自由市場をすべての問題の万能薬とする空虚なイデオロギー

市場の社会的深化は矛盾に満ちた結果を生じさせた。「自由競争」のイデオロギーが支配的になり、
企業は自由市場の名のもとで社会の再生産や管理といったものにより深く浸透する。その一方で、市場の社会的深化によって、
国家と企業の複合的な連携と結合が強まり、生や知にかかわる私的所有の領域は拡大し、それは排他的独占的な障壁で守られることになった。
こうしてみると、「民営化」や企業市場の権力の増大は、「選択の自由」の幅を広げるどころか、逆に狭めるものと考えられるだろう。

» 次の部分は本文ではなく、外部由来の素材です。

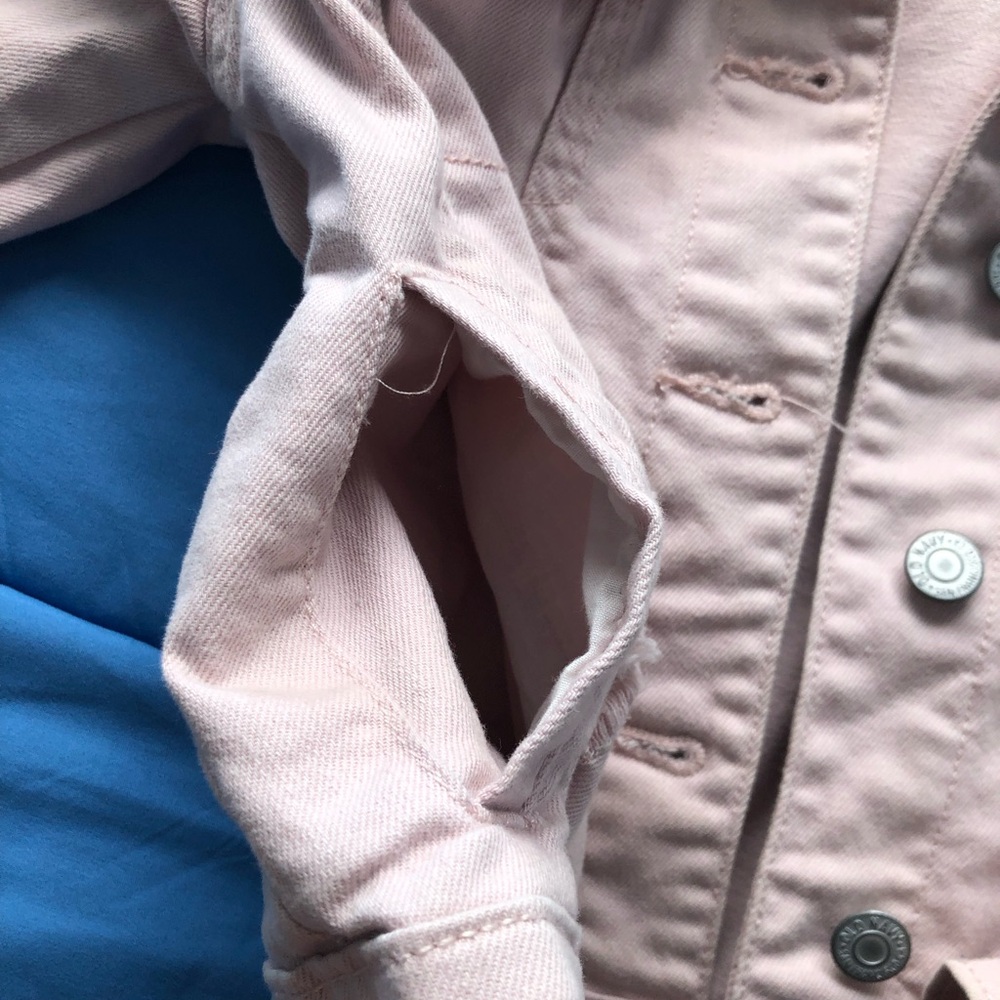 Jean jacket - Picture 4 of 4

とするなら、経済理論と新自由主義による日々の実践は、ますます乖離してしまう。おかしなことに、理論と実践との間に、
生きた経験から生み出された乖離の存在がありながら、新自由主義理論の信奉者たちは自分たちへの批判を「ユートピアを語っている」
と切り捨て、新自由主義が世界で唯一の「現実」であると主張する。自由市場をすべての問題の万能薬とする空虚なイデオロギーは、政治的、
社会的、文化的自由にかかわる豊穣かつ複合的な事象を、単に「企業の成長の自由」という概念へと矮小化した。